Streaming processing
Apache Flink: Introduction and new Features by Robert Metzger
In the first talk Robert Metzger gave a quick introduction to Apache Flink and its 3 primitives:
- Events, aka the processed data represented as an execution dataflow.
- State. Current state of the job stored in a durable datastore via periodic checkpoints.
- Time. Event time represents here the time when something happened. Watermark is the virtual clock for event time.
All these primitives are available from different APIs:
Besides the introduction, Robert also shared more low-level details about:
- Checkpoints.

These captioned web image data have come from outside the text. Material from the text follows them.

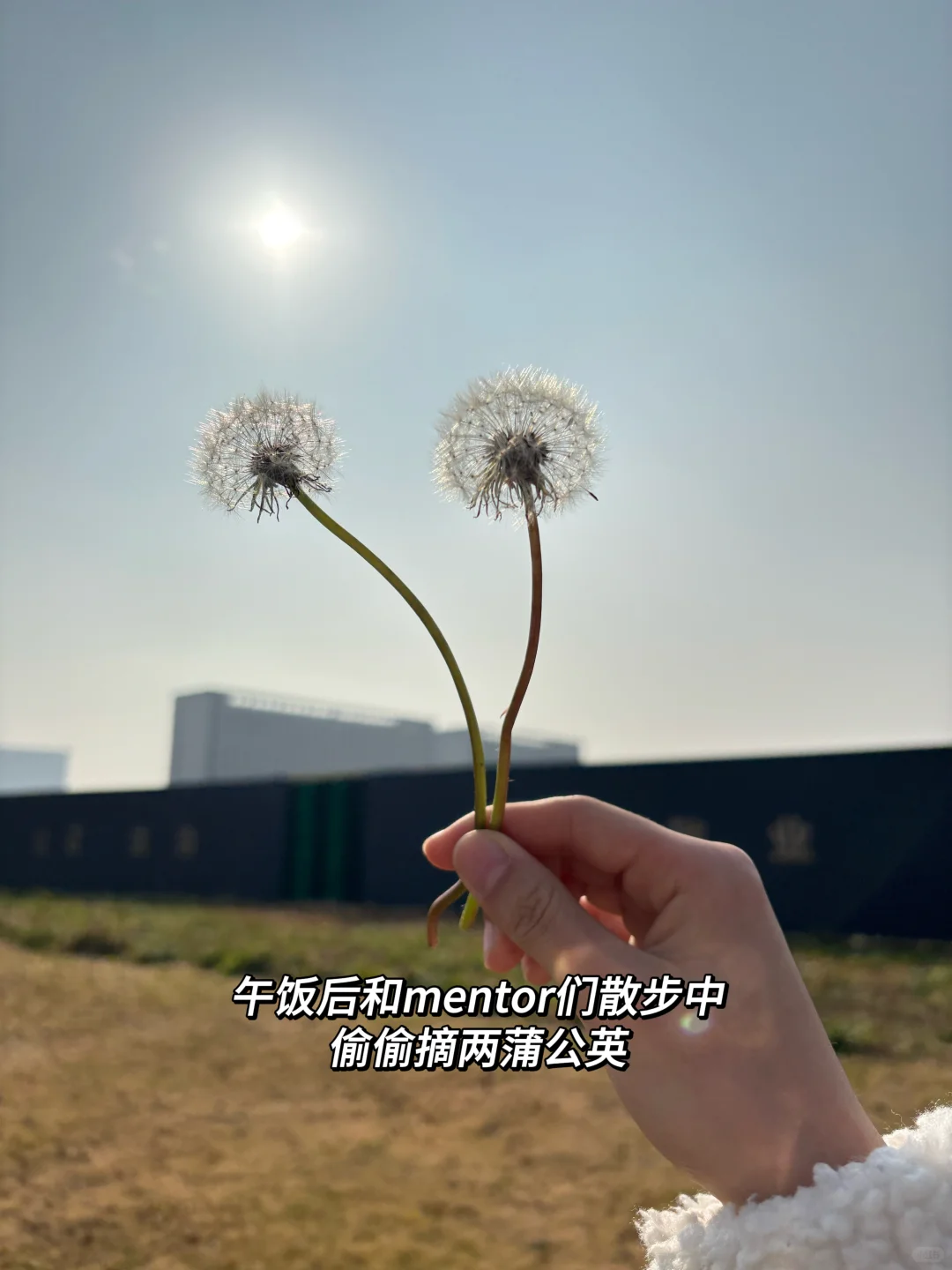 金专研0|投行实习小记01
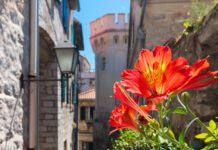 Konkurs TOHN: Đustajte đardine da nam bude lje’ša arija i vidik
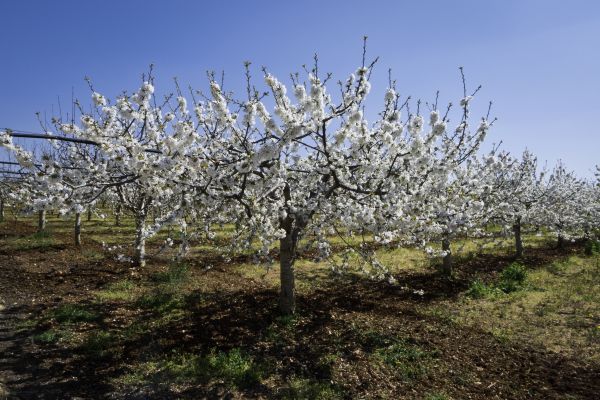 Orchard Planting in Fenton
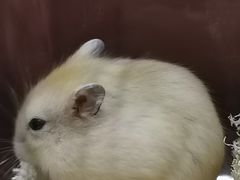 -龙猫仔乐园(惠福东路店)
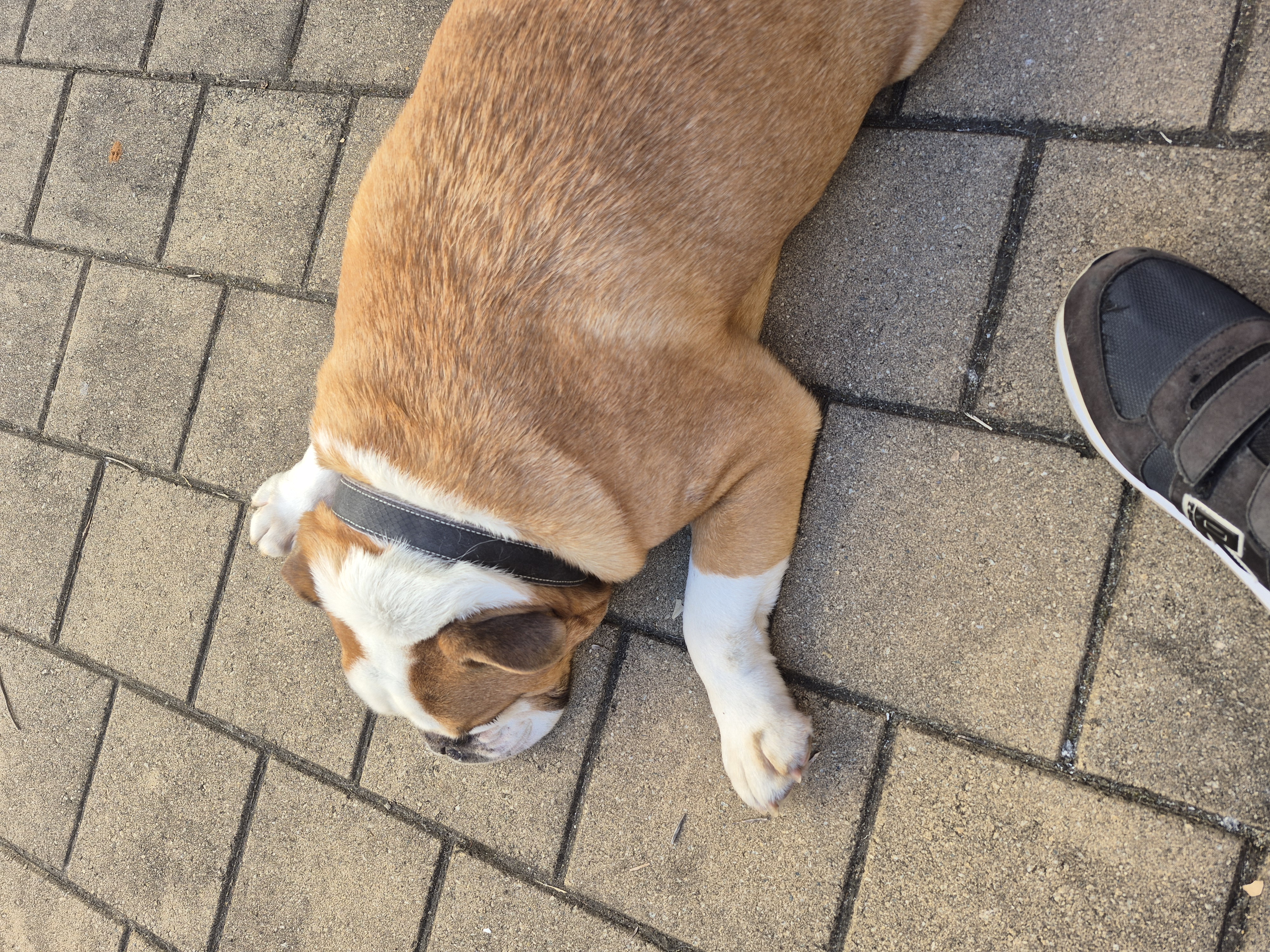 Other Dogs – Piara Waters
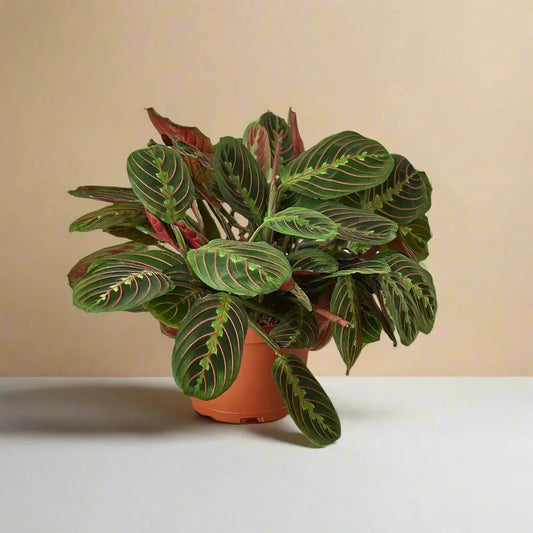 Maranta 'Red Prayer' House Plant Dropship Botani Haven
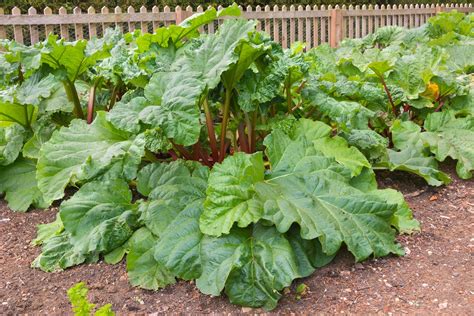 Rhubarb Flowers Tips On Why And What You Can Do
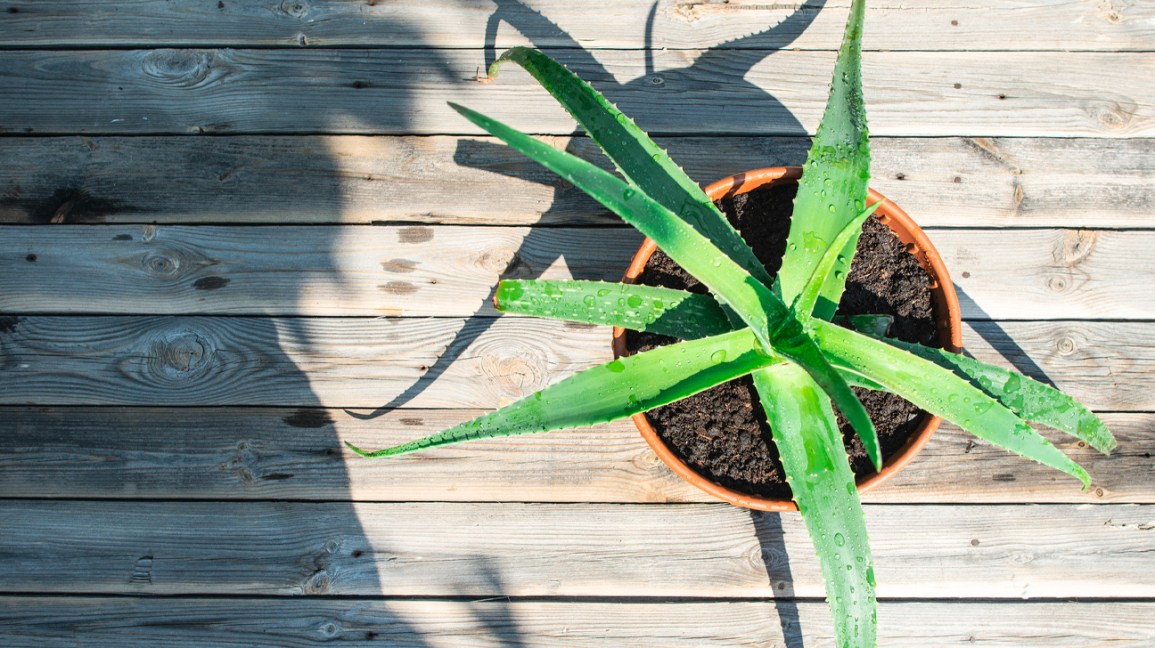 Aloe vera health benefits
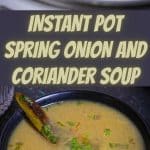 Instant Pot Spring Onion and Coriander Soup PIN (2)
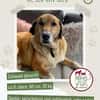 Senior Rico sucht ein Zuhause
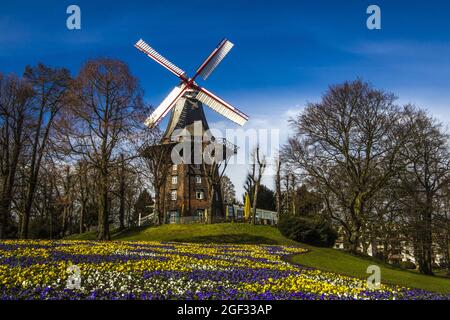 Alte Windmühle in Bremen Stockfoto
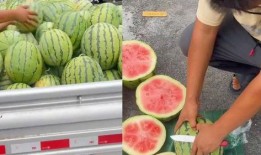 临沂吃生瓜网红叫什么,挑战味蕾极限！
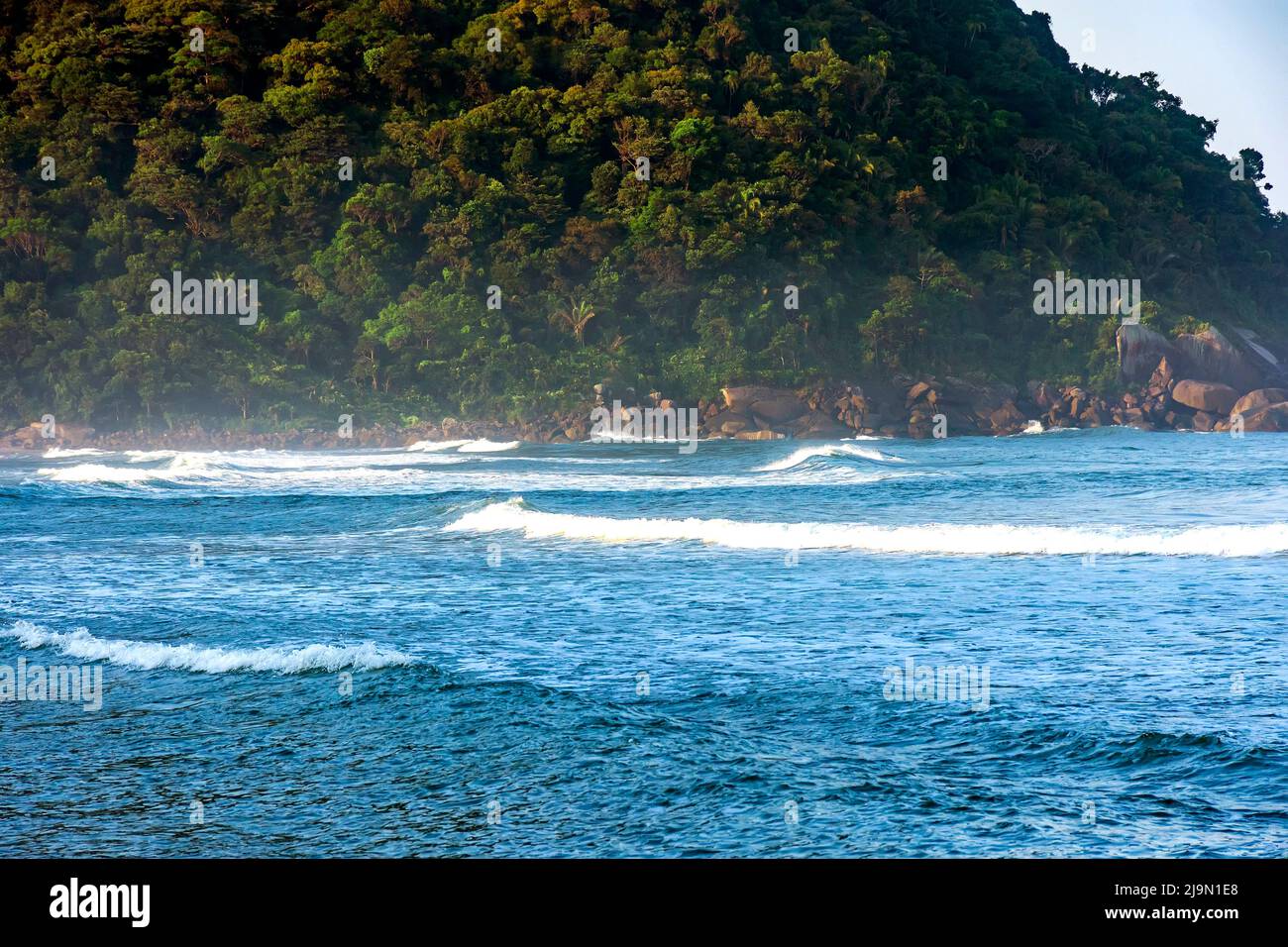 Paradise beach with the meeting of preserved tropical forest and the sea in Bertioga in the state of São Paulo, Brazil Stock Photo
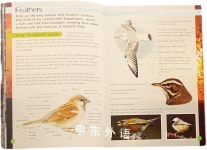 RSPB Children's Guide to Bird Watching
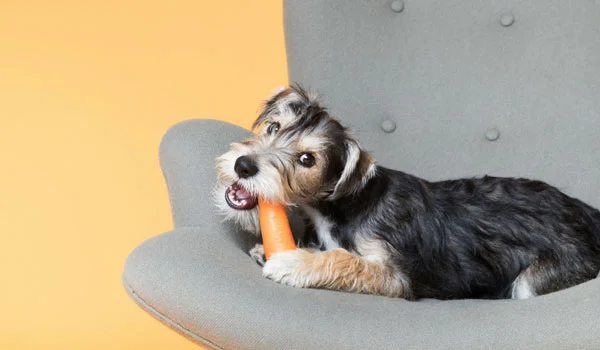 Crunching on Carrots: Can Schnauzers Eat Carrots?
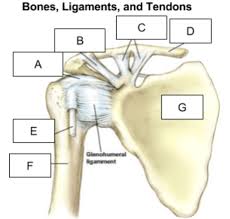 There are five major bones in the shoulder. Shoulder Bones And Ligaments Anatomy Diagram Quizlet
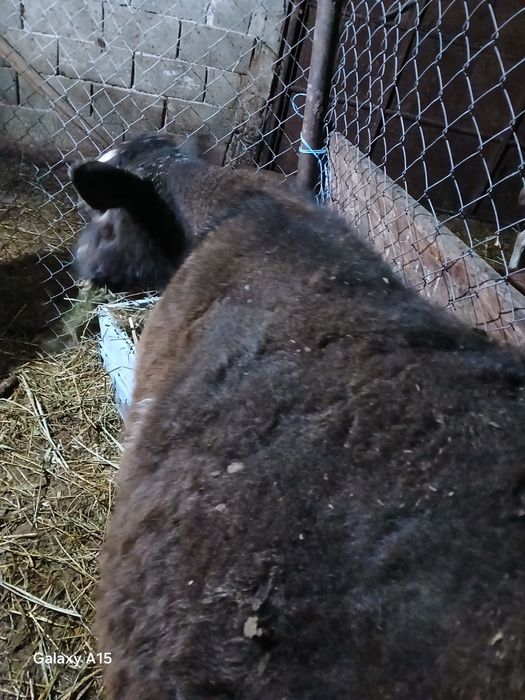 Vand 2 vitei baltati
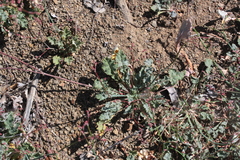 Eriogonum cithariforme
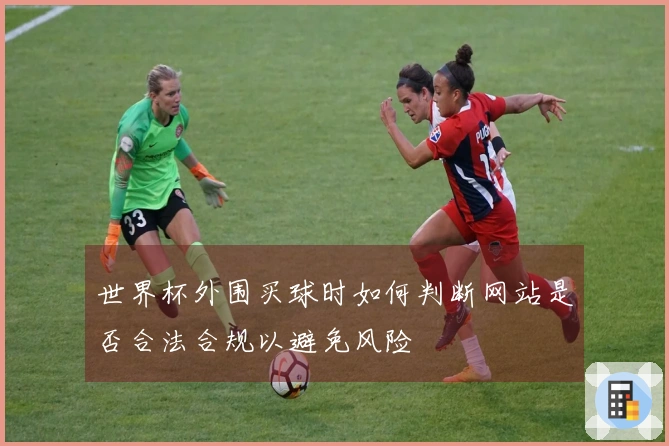 世界杯外围买球时如何判断网站是否合法合规以避免风险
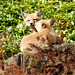 jeunes renards/baby foxes
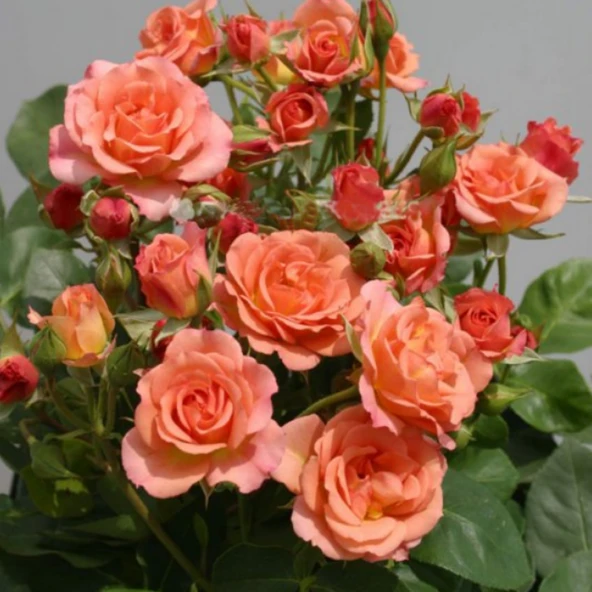 Tüplü Soğuklara Dayanıklı Peach Taifun Yediveren Alman Gül Fidanı ürün görseli 1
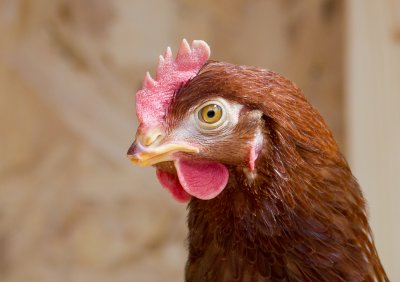 Hen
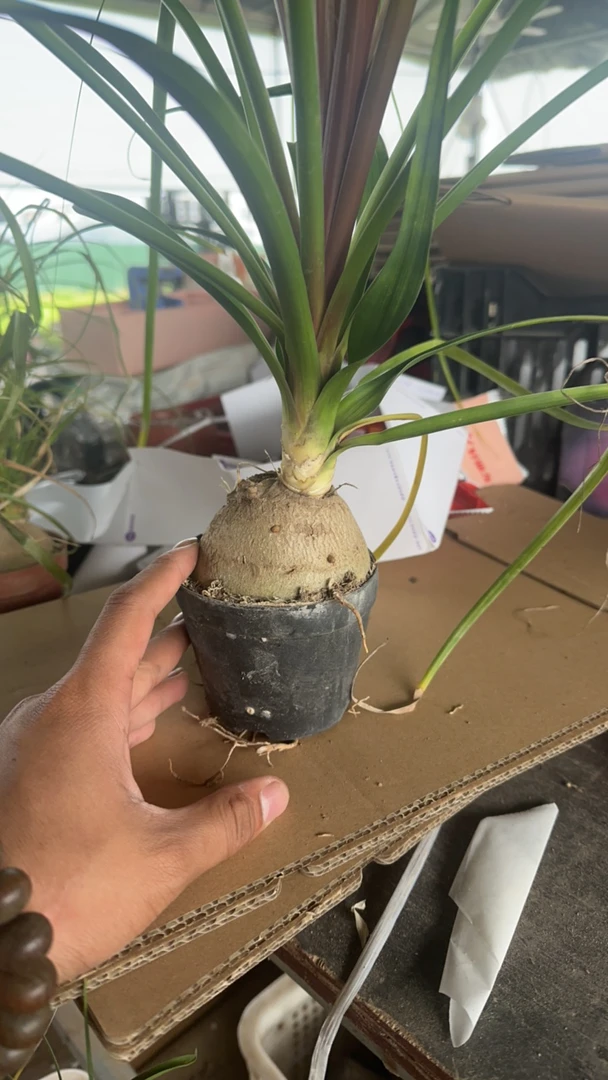 酒瓶兰/养不死的绿植/懒人的天堂/5公分左右/1盆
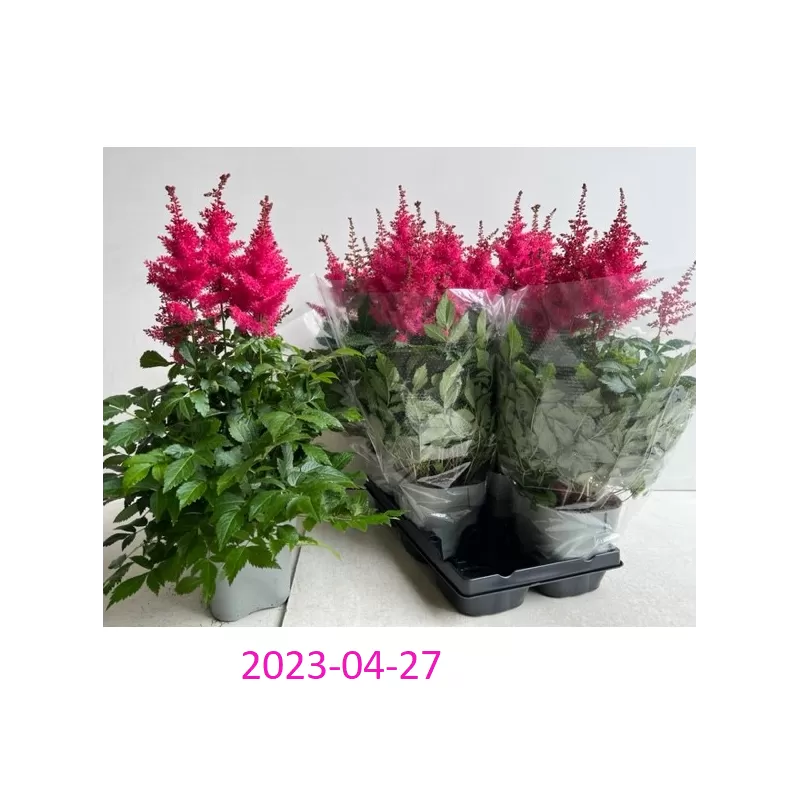 copy of Astilbe arendsii SNOWDRIFT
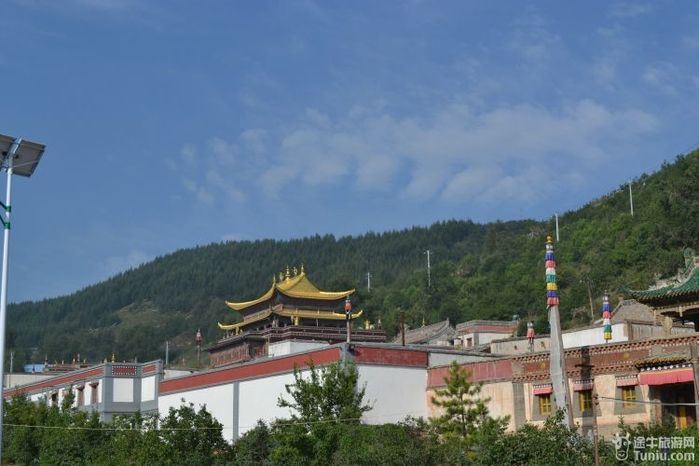 【青海旅游攻略】青.甘8日古丝绸之旅----大美青海湖②16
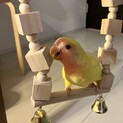 コザクラインコのお茶子ちゃん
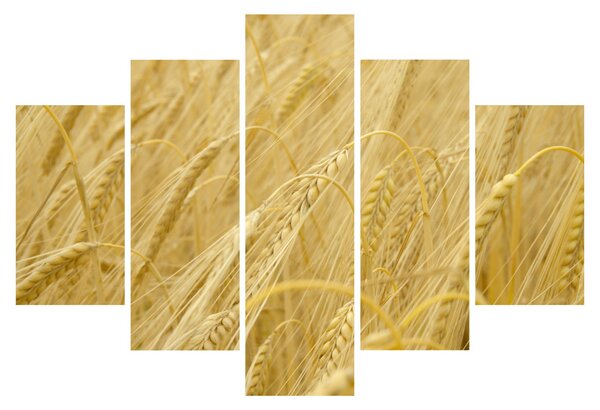 Obraz - Jačmeň (150x105 cm)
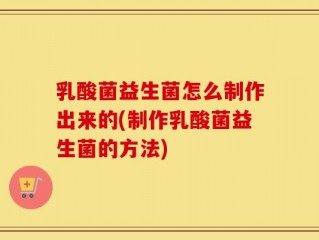 乳酸菌益生菌怎么制作出来的(制作乳酸菌益生菌的方法)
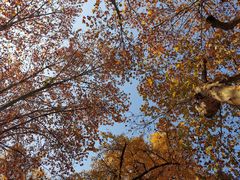 -苏州文庙(姑苏区)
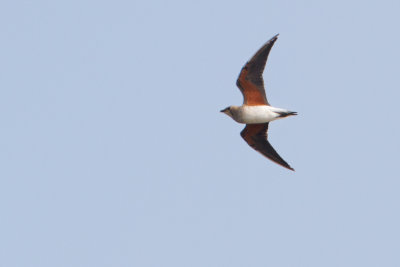 Oriental Pratincole - Oosterse Vorkstaartplevier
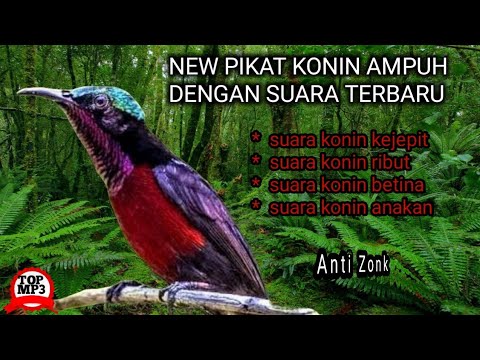 Suara pikat konin paling ampuh terbaru MP3|suara pikat burung Kolibri ninja anti zonk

Apache Flink doesn't use a naive approach with the stop-of-the-world where the whole processing stops before the checkpoint is made for all operators. Instead, it supports a continuous checkpoint based on the following steps:
- Checkpoint coordinator asks the sources to perform the checkpoint.
- The sources do the checkpoint and propagate a checkpoint barrier to the execution dataflow.
- The barrier goes to all downstream operators that individually stop the data processing and perform the checkpoint.
- Auto-scaling. In February Apache Flink got an improved autoscaling support based on real data. In a nutshell, the framework analyzes the backlog and calculates the compute power required to reduce it.
Where is my bottleneck? Performance troubleshooting in Flink by Piotr Nowojski
Another Apache Flink-related talk was about jobs troubleshooting. Piotr Nowojski shared how to fix different job issues. But before giving the list, Piotr highlighted a very important part. Before any action, we should start by identifying the troubleshooting category:
After that, Piotr started his investigation. The first step is to identify the bottleneck and the easiest way to do so is using the UI and Apache Flink color schemes applied to overloaded or poorly performing operators. Summary of that part in the slide below:
Later on the debugging flow looks similar to what you could have done before, including checking the JVM status (CPU usage, GC pauses) or code analysis. Moreover, there is a Flame Graphs integration that gives an even more detailed view of what the code is doing. And if it's not enough, you can always attach the task profiler to the subtask(s) causing problems. In case of multiple threads ran by the task manager, you should find the thread named after the problematic subtask(s) and analyze it.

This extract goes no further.